Tidak lama kemudian doa yang disemburkan mulai membuahkan hasil dan Mekah tidak lagi terpencil; kehidupan semakin berkembang dengan adanya tempat suci Allah, air zamzam, dan penduduknya mulai menuai kesuburan. Kemudian menjadi pusat lintas perdagangan ke Suriah, Yaman, Ta'if, dan Najd, dan penyebab utama di mana dari masa ke masa, para kaisar dari Aellius Gallus hingga Nero ingin menyebarkan pengaruh di persinggahan penting kota Mekah dengan mencurahkan segala upaya guna mencapai tujuan tersebut.

Tampaknya terdapat pula gerakan kependudukan lain di semenanjung Arab. Perlu dicatat, di sana terdapat para pengungsi bangsa Yahudi, beberapa abad kemudian, memperkenalkan agamanya pada masa pengasingan orang­orang Babilonia.
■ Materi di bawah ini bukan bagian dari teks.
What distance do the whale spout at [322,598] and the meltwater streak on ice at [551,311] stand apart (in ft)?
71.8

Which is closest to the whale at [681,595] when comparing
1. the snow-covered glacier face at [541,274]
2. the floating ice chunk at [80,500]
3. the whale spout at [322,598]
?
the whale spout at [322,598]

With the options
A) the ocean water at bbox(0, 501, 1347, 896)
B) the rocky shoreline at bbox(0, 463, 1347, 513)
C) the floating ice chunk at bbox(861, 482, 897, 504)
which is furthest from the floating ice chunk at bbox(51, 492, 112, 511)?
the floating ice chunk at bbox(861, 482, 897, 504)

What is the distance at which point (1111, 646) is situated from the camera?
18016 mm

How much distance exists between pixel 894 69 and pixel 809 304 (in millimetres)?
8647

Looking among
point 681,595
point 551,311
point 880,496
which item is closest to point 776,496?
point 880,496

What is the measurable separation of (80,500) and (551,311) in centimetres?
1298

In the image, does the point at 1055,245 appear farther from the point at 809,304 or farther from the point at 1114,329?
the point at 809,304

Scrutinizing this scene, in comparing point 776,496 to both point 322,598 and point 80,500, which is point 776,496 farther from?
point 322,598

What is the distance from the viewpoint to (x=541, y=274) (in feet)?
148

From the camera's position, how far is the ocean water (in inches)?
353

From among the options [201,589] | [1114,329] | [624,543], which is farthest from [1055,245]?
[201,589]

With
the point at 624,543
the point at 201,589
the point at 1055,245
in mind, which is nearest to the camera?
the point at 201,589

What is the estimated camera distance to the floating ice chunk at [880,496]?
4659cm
Mereka kemudian menetap di Yathrib (Madinah sekarang), Khaebar, Taima', dan Fadak pada tahun 587 sebelum masehi dan tahun 70 Masehi. Suku bangsa Nomad terus mengalami perubahan. Suku bangsa Tha 'liba dari keturunan Qahtan juga tinggal di Madinah. Di antara anak cucu keturunan mereka adalah kabilah Aws dan Khazraj, yang kemudian ke duanya lebih dikenal sebagai kaum al-Ansar' (pendukung utama Nabi Muhammad). banu Harithah, yang kemudian dikenal sebagai banu Khuza'a, tinggal di Hejaz menggantikan penduduk sebelumnya, banu Jurhum, yang kemudian menjadi pemelihara Baitullah atau Ka'bah di Mekah. Merekalah yang harus memikul tanggung jawab karena melahirkan sistem keberhalaan. Bani Lakham, kabilah lain dari Qahtan, menetap di Hira (Kufa, sekarang Irak) di mana mereka mendirikan sebuah negara kecil sebagai penahan antara Jazirah Arabia dan Persia (200-602 masehi). Bani Ghassan menetap di Suriah sebelah bawah dan mendirikan kerajaan Ghassan, sebuah negeri penahan antara Byzantin dan Arab, yang berakhir hingga tahun 614 masehi. Bani Tay menduduki daerah pegunungan Tayy sedang ban! Kinda menetap di pusat Arab. Gambaran secara umum dari semua kabilah tersebut merupakan jalur keturunan Nabi Ibrahim melalui Nabi Isma'il.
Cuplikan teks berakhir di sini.